(Data extracted from a collection)
########################################
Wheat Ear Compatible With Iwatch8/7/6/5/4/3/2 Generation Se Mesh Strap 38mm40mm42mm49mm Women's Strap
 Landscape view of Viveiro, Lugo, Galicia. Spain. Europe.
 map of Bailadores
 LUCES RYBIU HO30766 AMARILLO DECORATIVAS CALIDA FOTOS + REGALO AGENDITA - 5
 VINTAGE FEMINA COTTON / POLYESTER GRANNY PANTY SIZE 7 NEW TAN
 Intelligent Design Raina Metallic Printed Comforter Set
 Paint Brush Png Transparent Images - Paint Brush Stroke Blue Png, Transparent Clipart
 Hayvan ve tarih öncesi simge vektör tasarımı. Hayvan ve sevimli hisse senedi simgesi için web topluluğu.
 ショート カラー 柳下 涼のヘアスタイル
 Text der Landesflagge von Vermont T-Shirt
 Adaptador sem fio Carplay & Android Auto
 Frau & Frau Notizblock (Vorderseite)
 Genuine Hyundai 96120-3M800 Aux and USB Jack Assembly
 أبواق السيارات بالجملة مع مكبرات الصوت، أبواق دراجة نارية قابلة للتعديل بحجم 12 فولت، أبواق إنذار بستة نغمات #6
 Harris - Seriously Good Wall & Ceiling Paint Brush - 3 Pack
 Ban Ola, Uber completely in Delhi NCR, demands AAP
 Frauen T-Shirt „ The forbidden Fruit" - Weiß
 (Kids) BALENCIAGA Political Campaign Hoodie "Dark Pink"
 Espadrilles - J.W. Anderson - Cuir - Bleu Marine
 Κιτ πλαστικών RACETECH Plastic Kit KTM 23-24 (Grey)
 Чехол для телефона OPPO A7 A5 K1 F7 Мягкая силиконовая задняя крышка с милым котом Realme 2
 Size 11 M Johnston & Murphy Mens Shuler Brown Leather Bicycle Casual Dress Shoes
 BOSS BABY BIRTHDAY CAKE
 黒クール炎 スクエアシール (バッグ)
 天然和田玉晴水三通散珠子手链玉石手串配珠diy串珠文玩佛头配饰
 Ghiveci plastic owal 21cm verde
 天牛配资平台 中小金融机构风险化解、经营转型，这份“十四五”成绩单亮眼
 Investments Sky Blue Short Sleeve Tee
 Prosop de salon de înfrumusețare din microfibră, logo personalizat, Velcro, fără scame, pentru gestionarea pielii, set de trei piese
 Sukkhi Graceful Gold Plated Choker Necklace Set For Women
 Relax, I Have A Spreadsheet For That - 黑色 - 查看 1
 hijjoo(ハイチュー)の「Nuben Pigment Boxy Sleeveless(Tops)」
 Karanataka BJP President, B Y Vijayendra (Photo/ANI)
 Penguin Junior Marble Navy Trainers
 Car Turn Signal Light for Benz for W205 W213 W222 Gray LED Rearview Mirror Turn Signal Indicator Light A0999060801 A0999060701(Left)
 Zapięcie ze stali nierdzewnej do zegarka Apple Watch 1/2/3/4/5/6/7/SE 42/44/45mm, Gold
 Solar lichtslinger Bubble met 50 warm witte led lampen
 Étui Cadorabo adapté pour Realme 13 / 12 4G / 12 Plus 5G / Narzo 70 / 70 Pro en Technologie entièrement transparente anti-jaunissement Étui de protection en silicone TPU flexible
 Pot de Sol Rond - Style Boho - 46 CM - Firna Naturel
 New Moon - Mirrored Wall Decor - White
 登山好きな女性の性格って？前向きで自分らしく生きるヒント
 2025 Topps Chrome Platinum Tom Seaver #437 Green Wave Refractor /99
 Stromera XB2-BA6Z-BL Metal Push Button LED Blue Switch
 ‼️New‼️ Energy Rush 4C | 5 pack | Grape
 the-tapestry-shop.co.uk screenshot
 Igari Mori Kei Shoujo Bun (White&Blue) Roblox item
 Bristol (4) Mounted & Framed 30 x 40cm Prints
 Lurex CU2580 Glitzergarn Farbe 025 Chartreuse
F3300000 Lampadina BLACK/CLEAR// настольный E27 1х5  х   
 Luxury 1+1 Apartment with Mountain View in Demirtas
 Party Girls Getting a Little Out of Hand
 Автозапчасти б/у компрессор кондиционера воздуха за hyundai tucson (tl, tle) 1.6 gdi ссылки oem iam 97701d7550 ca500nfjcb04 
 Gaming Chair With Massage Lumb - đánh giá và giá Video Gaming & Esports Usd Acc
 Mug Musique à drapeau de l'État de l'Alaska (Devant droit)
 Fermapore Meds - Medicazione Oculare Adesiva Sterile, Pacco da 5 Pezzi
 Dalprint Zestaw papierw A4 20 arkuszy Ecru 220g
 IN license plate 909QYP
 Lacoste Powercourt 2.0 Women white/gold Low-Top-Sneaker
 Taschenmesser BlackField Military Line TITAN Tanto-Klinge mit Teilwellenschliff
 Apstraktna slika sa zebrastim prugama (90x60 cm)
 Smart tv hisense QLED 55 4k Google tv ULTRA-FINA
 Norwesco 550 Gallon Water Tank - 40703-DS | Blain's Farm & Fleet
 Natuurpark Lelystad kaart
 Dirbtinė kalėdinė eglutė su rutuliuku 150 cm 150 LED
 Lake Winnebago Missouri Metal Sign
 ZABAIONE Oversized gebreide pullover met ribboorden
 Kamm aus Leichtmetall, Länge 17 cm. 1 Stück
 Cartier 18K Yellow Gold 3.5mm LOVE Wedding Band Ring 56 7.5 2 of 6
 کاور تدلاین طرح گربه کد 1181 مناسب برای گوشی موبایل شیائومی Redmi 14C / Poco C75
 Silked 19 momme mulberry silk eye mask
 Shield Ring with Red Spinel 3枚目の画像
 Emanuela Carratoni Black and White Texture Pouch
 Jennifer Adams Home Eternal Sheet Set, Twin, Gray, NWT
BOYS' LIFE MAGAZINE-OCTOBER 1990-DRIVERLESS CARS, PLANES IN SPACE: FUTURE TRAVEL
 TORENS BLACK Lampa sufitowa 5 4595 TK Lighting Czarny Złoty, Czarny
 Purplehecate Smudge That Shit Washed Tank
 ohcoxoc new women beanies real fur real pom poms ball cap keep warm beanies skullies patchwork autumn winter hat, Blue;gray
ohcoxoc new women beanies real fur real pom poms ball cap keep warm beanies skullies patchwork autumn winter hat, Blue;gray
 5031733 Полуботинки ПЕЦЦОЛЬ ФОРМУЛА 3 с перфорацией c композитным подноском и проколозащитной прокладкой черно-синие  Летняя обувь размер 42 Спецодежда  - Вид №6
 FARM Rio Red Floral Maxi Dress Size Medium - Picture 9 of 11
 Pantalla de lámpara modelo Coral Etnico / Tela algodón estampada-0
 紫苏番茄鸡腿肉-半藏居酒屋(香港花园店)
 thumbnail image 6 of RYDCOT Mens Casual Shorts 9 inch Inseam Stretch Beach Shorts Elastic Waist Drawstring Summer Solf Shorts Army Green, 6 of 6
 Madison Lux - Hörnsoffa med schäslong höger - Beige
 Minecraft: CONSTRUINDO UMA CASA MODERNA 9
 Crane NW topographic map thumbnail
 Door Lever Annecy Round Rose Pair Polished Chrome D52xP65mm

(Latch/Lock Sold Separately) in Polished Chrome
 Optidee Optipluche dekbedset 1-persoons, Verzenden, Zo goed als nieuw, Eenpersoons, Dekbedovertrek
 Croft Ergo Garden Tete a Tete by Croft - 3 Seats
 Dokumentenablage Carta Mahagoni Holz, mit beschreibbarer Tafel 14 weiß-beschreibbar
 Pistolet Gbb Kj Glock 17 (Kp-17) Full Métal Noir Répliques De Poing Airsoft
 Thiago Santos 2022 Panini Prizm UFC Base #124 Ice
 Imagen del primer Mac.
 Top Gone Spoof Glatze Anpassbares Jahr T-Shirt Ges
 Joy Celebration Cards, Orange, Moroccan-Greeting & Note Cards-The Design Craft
########################################
■ PROBLEM DETAILS
What you return must be the lines above that run from the line with "Text der Landesflagge von Vermont T-Shirt" to the line with "Harris - Seriously", inclusive, each copied exactly.

■ SOLVED EXERCISE
 Text der Landesflagge von Vermont T-Shirt
 Adaptador sem fio Carplay & Android Auto
 Frau & Frau Notizblock (Vorderseite)
 Genuine Hyundai 96120-3M800 Aux and USB Jack Assembly
 أبواق السيارات بالجملة مع مكبرات الصوت، أبواق دراجة نارية قابلة للتعديل بحجم 12 فولت، أبواق إنذار بستة نغمات #6
 Harris - Seriously Good Wall & Ceiling Paint Brush - 3 Pack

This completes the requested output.